Exercise goal: All lines up to and including the one that contains "Louer yacht à" are to be transcribed exactly, starting from the first line of the records.

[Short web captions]
----------

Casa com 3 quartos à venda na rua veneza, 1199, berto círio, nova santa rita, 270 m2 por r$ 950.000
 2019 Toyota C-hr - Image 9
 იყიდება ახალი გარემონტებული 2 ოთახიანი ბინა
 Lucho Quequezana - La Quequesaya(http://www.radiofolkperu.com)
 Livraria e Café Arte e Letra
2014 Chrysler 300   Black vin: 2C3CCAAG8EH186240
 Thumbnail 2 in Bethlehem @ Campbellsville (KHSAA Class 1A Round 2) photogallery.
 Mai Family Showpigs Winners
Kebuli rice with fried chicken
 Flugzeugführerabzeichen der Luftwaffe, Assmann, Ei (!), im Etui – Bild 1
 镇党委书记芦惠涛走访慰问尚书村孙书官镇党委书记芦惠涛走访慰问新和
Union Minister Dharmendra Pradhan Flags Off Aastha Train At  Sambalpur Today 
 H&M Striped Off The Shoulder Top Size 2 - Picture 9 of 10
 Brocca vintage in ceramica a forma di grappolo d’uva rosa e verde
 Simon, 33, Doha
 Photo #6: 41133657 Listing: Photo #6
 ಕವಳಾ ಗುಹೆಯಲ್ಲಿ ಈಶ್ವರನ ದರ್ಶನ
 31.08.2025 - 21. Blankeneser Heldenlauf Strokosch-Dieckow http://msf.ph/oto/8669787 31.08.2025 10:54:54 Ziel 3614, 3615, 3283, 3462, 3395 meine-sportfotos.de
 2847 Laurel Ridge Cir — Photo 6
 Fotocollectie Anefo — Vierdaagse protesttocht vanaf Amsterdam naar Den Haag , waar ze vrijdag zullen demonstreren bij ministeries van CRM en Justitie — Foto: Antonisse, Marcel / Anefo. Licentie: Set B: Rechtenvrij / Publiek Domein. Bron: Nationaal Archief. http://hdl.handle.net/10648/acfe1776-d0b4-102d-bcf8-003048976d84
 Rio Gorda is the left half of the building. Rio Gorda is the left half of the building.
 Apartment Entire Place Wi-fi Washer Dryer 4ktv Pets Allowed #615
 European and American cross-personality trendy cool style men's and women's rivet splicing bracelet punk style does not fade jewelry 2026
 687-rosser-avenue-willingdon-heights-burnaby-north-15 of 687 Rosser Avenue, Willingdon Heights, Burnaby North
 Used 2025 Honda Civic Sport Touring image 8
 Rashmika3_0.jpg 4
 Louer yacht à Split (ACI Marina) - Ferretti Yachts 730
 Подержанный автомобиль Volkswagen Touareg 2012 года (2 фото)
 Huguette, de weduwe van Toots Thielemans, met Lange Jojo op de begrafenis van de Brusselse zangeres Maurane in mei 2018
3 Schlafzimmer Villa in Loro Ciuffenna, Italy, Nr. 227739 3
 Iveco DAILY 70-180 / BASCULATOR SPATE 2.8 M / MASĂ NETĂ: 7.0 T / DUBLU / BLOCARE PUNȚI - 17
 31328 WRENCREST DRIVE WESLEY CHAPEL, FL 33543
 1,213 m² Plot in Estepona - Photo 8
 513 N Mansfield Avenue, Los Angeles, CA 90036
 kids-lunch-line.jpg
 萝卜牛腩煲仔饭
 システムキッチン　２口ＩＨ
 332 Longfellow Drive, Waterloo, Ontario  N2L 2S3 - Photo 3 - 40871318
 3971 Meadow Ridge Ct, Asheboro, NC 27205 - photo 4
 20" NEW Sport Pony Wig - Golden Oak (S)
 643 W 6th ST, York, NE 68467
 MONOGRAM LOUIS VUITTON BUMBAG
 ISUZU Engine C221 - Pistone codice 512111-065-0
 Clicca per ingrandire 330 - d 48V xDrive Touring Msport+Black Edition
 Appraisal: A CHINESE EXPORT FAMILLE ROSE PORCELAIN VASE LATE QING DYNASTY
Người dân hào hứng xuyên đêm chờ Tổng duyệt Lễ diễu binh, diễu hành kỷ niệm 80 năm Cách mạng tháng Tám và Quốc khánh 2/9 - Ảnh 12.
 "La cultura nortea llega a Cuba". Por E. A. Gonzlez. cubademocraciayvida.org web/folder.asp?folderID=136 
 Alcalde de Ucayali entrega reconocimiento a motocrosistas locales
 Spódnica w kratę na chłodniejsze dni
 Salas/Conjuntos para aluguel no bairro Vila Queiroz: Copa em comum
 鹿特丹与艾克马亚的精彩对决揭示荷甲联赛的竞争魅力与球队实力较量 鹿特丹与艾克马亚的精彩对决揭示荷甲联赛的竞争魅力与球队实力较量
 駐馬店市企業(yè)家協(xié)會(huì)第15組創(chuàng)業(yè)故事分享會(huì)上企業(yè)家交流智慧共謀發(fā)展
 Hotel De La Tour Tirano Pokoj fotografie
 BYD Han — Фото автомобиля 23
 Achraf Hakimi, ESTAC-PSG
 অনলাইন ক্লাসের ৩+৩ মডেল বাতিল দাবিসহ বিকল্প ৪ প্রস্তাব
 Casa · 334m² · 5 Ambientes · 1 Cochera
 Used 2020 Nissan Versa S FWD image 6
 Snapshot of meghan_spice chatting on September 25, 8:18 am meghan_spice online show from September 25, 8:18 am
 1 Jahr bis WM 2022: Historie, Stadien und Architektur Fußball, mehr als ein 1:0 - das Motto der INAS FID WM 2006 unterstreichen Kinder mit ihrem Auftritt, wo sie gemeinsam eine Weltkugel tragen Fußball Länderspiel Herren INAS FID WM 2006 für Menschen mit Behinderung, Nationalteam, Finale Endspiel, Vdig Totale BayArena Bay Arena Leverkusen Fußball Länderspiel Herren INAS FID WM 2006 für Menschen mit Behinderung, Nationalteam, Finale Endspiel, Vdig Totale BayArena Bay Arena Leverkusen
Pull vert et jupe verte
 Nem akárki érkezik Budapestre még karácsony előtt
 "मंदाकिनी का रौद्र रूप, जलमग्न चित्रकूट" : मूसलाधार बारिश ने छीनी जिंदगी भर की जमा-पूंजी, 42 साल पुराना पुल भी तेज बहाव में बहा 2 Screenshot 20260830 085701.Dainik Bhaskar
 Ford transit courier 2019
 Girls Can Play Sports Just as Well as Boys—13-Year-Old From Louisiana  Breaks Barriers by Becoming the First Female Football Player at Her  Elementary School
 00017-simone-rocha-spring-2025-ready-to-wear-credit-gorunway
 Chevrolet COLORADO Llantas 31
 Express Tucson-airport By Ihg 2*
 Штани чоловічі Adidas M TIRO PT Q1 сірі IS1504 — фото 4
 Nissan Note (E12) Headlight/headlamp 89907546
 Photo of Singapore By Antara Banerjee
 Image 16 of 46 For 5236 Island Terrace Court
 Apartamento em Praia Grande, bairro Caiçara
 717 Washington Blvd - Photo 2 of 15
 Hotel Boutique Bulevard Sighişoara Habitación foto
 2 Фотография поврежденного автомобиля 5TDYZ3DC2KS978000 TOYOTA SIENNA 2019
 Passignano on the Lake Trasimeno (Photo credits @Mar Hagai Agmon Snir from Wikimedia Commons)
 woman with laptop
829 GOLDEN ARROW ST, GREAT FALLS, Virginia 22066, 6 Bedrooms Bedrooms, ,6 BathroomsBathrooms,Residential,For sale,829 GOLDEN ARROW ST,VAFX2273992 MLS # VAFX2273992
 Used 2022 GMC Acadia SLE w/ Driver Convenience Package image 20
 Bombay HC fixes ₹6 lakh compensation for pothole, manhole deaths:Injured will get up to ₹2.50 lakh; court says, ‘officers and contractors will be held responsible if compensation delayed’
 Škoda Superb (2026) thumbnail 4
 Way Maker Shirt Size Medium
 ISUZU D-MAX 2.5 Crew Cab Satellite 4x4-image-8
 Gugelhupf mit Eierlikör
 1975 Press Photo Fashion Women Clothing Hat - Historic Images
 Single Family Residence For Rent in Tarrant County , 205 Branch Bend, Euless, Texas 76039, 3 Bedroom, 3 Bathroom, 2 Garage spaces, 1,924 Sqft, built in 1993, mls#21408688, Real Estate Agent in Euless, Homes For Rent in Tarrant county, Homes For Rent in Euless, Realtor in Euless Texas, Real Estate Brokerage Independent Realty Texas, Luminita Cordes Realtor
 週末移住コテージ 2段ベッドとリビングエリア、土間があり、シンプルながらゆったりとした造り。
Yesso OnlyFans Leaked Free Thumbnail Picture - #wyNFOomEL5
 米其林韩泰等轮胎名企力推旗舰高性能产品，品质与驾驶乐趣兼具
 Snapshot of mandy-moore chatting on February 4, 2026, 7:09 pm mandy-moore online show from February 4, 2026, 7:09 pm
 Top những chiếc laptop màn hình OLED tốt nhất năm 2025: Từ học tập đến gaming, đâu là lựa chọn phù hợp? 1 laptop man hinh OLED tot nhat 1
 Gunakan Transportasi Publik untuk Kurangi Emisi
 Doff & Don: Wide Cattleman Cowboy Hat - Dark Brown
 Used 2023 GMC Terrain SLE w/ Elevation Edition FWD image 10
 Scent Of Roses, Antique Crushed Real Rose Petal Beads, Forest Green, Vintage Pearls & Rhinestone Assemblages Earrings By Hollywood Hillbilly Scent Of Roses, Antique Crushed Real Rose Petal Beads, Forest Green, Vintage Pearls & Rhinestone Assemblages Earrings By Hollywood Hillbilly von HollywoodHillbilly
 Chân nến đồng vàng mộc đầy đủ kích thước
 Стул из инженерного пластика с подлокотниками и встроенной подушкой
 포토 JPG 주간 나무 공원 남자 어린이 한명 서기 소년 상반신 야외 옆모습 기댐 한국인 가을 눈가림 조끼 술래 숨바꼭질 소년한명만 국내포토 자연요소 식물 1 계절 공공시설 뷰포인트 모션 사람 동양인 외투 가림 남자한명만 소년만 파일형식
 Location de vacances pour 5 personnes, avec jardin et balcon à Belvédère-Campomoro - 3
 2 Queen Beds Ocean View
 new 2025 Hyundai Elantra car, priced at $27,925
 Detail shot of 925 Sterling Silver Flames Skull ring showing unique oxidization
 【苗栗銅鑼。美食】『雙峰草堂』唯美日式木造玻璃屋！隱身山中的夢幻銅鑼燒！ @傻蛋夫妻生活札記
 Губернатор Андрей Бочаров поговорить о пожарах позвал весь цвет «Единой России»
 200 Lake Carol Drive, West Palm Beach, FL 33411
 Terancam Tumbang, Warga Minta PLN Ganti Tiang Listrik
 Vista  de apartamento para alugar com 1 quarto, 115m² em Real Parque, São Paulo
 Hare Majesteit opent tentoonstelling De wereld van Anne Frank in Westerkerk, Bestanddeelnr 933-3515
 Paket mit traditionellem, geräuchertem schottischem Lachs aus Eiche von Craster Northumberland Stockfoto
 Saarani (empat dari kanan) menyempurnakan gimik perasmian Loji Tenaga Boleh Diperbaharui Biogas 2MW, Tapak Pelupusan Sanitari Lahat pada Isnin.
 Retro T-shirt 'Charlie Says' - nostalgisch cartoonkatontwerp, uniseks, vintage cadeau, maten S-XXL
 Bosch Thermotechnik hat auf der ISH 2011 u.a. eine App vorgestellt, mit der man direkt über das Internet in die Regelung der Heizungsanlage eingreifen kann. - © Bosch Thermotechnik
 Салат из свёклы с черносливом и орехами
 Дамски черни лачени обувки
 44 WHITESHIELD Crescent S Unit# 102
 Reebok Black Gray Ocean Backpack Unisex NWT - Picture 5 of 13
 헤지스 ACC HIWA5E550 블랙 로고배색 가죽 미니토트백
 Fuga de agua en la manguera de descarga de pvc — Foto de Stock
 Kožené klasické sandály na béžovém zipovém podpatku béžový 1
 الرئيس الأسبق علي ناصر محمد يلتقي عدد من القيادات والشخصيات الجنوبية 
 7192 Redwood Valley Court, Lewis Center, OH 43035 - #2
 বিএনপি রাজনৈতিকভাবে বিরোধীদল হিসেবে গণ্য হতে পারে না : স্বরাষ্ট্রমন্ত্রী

----------

Answer to this exercise:
Casa com 3 quartos à venda na rua veneza, 1199, berto círio, nova santa rita, 270 m2 por r$ 950.000
 2019 Toyota C-hr - Image 9
 იყიდება ახალი გარემონტებული 2 ოთახიანი ბინა
 Lucho Quequezana - La Quequesaya(http://www.radiofolkperu.com)
 Livraria e Café Arte e Letra
2014 Chrysler 300   Black vin: 2C3CCAAG8EH186240
 Thumbnail 2 in Bethlehem @ Campbellsville (KHSAA Class 1A Round 2) photogallery.
 Mai Family Showpigs Winners
Kebuli rice with fried chicken
 Flugzeugführerabzeichen der Luftwaffe, Assmann, Ei (!), im Etui – Bild 1
 镇党委书记芦惠涛走访慰问尚书村孙书官镇党委书记芦惠涛走访慰问新和
Union Minister Dharmendra Pradhan Flags Off Aastha Train At  Sambalpur Today 
 H&M Striped Off The Shoulder Top Size 2 - Picture 9 of 10
 Brocca vintage in ceramica a forma di grappolo d’uva rosa e verde
 Simon, 33, Doha
 Photo #6: 41133657 Listing: Photo #6
 ಕವಳಾ ಗುಹೆಯಲ್ಲಿ ಈಶ್ವರನ ದರ್ಶನ
 31.08.2025 - 21. Blankeneser Heldenlauf Strokosch-Dieckow http://msf.ph/oto/8669787 31.08.2025 10:54:54 Ziel 3614, 3615, 3283, 3462, 3395 meine-sportfotos.de
 2847 Laurel Ridge Cir — Photo 6
 Fotocollectie Anefo — Vierdaagse protesttocht vanaf Amsterdam naar Den Haag , waar ze vrijdag zullen demonstreren bij ministeries van CRM en Justitie — Foto: Antonisse, Marcel / Anefo. Licentie: Set B: Rechtenvrij / Publiek Domein. Bron: Nationaal Archief. http://hdl.handle.net/10648/acfe1776-d0b4-102d-bcf8-003048976d84
 Rio Gorda is the left half of the building. Rio Gorda is the left half of the building.
 Apartment Entire Place Wi-fi Washer Dryer 4ktv Pets Allowed #615
 European and American cross-personality trendy cool style men's and women's rivet splicing bracelet punk style does not fade jewelry 2026
 687-rosser-avenue-willingdon-heights-burnaby-north-15 of 687 Rosser Avenue, Willingdon Heights, Burnaby North
 Used 2025 Honda Civic Sport Touring image 8
 Rashmika3_0.jpg 4
 Louer yacht à Split (ACI Marina) - Ferretti Yachts 730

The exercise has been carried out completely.